Saved data entries
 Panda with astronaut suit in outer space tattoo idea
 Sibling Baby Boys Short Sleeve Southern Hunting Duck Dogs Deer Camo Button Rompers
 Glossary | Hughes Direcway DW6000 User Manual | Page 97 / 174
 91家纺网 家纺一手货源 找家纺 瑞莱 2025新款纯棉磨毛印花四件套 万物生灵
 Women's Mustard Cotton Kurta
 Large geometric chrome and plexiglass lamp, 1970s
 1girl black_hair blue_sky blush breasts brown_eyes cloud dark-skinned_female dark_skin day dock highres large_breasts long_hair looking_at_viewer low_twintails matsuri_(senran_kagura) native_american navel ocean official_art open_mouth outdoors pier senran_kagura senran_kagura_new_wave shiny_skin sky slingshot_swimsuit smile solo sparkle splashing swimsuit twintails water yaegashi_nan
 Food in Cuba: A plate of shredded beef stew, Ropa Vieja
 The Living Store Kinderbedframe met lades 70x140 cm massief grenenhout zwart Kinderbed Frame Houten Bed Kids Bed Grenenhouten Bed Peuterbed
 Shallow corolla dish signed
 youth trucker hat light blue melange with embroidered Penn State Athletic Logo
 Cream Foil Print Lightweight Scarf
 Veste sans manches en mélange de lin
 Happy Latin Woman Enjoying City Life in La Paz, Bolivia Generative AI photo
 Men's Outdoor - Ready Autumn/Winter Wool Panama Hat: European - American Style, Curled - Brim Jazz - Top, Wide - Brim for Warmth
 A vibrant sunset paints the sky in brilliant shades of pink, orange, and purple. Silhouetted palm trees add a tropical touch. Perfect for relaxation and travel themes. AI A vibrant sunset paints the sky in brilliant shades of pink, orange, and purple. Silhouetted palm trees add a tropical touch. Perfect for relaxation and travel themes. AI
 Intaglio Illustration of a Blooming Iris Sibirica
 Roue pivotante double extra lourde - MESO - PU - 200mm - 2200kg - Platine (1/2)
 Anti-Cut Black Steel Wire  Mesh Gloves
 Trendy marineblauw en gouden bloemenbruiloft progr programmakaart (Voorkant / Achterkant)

Activity:
Could you repeat exactly the lines above from the line with "Happy Latin Woman" up to and including the line with "Men's Outdoor - Ready", and only those?

Solution to this exercise:
 Happy Latin Woman Enjoying City Life in La Paz, Bolivia Generative AI photo
 Men's Outdoor - Ready Autumn/Winter Wool Panama Hat: European - American Style, Curled - Brim Jazz - Top, Wide - Brim for Warmth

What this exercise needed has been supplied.